# Candle blamed for Movie World fire



## Mayhem (Jun 27, 2004)

Candle blamed for Movie World fire - Saturday June 26 2004

A candle being used on a film set is believed to have started a fire which destroyed a studio at Movie World on the Gold Coast, Australia. 

Studio Eight was engulfed in flames about 6.40pm (AEST) Saturday, causing a smoke hazard for motorists travelling between Brisbane and the Gold Coast.

Police said a huge candle being used on a film set was believed to have set other props alight, forcing actors, producers and production crew to flee the building.

The stage was being used to shoot some final scenes for the film _House of Wax_.

(Full Story - http://news.ninemsn.com.au/article.aspx?id=11161)

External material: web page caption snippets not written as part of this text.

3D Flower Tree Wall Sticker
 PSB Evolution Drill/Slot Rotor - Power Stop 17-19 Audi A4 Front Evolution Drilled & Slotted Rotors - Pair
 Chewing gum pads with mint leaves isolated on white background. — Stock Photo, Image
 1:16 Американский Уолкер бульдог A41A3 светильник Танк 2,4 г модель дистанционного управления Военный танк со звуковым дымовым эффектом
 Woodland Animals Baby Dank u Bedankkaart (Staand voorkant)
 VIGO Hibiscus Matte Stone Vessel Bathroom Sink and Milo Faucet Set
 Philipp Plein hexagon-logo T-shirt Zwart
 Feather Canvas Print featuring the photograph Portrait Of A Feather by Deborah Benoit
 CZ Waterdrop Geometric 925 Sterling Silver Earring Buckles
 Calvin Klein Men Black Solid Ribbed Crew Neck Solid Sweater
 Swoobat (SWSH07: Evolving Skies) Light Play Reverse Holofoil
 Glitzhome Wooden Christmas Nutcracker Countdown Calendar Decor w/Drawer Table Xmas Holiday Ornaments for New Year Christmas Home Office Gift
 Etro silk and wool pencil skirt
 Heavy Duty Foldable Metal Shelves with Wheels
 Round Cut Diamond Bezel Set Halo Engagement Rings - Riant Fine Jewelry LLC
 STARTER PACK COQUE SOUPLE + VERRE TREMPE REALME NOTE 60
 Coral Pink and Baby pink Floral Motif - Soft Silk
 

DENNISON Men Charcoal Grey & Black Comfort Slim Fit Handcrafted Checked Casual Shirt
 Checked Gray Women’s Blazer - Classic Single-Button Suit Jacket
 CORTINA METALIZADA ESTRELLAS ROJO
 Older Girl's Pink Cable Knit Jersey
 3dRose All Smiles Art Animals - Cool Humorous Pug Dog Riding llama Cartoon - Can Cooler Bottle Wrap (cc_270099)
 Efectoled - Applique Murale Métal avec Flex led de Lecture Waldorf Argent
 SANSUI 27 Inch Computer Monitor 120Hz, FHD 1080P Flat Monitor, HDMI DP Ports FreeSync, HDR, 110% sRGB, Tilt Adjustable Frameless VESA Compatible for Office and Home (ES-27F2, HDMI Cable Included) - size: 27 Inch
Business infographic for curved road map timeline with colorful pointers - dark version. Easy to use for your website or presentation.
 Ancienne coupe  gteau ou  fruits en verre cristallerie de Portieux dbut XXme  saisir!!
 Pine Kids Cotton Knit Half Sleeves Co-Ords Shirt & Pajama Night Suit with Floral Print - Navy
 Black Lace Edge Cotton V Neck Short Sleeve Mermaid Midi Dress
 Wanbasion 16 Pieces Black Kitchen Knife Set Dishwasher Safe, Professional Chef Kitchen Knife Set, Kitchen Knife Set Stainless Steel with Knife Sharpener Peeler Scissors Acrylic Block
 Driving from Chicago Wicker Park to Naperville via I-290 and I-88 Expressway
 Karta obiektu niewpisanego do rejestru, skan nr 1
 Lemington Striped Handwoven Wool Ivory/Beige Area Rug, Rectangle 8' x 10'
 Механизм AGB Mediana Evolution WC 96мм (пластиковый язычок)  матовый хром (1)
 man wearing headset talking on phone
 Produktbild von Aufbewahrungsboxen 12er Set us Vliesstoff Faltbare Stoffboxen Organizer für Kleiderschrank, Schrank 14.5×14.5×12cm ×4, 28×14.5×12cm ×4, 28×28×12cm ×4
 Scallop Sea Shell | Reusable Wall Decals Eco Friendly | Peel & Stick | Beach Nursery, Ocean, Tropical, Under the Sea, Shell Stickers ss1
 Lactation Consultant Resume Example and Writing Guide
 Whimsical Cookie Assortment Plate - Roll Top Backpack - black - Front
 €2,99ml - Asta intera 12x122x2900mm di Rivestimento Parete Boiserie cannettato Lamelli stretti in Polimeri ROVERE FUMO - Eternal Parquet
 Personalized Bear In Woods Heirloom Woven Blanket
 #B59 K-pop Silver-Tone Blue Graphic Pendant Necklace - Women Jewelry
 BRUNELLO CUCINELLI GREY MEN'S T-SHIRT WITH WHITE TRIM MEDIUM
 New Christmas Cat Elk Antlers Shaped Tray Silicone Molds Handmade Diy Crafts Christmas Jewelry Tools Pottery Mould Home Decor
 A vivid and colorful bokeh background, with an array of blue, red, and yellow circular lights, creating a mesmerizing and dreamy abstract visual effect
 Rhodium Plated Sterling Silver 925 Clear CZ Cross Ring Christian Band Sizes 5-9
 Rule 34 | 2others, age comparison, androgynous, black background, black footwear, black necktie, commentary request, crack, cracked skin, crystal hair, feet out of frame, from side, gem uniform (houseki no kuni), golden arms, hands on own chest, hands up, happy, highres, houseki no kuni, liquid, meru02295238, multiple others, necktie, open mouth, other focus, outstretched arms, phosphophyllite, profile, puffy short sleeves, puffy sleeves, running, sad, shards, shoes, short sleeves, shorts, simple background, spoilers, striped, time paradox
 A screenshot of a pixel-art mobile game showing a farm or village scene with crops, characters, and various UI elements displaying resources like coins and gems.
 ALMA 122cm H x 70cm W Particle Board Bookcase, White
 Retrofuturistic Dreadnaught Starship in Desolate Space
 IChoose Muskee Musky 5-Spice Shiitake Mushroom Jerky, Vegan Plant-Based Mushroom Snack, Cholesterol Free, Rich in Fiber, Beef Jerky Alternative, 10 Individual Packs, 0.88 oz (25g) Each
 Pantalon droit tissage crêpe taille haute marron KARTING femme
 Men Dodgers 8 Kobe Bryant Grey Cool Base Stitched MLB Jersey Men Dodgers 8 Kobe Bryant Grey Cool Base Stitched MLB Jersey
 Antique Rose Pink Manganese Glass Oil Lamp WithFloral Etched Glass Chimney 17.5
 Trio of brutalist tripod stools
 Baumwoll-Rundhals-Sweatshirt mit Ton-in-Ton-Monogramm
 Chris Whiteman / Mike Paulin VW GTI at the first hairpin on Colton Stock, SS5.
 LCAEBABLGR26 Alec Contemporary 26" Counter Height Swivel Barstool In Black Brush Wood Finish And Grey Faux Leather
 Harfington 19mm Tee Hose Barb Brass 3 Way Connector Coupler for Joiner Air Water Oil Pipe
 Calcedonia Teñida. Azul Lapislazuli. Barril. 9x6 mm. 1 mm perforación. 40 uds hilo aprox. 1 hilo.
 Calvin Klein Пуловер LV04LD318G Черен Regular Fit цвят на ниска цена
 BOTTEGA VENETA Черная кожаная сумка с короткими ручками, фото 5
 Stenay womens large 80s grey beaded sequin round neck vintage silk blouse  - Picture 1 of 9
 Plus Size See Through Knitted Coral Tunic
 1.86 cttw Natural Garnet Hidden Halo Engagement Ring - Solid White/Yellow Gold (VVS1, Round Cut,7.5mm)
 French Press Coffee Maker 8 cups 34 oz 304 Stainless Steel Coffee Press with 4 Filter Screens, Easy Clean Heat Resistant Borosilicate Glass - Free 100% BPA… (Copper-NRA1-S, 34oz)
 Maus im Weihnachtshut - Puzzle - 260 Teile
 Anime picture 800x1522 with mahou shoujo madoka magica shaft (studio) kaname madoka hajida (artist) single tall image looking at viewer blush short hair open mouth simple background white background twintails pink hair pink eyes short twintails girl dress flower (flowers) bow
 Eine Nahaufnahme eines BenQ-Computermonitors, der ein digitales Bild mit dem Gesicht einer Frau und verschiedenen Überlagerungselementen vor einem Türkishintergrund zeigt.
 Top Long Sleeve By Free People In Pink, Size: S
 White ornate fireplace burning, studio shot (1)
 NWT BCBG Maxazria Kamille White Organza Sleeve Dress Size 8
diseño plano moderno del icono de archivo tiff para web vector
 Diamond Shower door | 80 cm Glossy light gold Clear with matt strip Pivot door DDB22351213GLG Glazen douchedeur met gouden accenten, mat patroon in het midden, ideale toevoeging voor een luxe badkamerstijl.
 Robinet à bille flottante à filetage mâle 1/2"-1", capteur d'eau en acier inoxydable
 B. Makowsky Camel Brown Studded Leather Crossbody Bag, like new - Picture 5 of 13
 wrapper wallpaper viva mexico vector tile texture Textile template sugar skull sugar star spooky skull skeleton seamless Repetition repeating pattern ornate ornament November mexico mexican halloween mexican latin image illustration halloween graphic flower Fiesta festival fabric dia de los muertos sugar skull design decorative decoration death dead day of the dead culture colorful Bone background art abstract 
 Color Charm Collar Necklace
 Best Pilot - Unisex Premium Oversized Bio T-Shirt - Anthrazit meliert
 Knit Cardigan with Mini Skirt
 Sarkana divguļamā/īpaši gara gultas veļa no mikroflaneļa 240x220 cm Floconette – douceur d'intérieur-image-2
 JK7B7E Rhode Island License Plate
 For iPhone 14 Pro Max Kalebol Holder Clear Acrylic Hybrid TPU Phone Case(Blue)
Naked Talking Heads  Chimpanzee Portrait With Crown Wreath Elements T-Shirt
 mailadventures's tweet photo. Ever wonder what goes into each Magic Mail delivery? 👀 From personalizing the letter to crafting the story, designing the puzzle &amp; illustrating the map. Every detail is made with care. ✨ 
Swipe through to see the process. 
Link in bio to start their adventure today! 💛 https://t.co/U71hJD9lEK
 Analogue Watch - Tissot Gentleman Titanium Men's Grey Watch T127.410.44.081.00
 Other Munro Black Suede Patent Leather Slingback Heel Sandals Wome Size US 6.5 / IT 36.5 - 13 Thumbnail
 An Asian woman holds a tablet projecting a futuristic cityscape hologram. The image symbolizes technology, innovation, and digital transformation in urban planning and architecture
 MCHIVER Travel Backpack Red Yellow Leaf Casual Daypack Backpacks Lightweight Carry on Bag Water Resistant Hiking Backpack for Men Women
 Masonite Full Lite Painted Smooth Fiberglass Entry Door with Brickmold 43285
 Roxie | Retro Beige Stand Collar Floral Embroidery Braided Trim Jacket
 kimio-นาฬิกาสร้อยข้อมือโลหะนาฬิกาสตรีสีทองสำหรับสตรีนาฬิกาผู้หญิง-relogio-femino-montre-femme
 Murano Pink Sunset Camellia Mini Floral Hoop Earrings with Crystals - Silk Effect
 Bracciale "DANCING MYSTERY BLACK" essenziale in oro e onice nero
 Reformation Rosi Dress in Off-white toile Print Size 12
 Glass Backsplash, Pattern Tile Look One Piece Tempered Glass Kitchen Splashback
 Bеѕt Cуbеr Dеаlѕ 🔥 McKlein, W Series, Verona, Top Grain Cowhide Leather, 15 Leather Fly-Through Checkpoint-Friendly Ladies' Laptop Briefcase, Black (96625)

_Source: National Nine News _


----------



## zac850 (Jun 27, 2004)

And the moral of the story, never use real fire unless you are licensed for pyro. It is just as easy to get one of those fake candles and use that, and save yourself burning down a theater/movie set.


----------



## Mayhem (Jun 27, 2004)

I will be keeping my eye on the reports that come out of the investigation. I did see a brief news bulletin a couple of hours ago (just after making the initial post) in which they referred to it as being a "special effects" accident. As such, I would imagine that the person responsible for this was trained and qualified. Even if it was an overseas tech, a local tech is required to supervise and ensure that everything meets the local regulations. Based on early accounts, it behaved unexpectedly and the video footage supported this.

Once there has been a thorough investigation and the results have been reported, I will get the information sent to me as I am a licensed pyrotechnician. However, this could take some months.


----------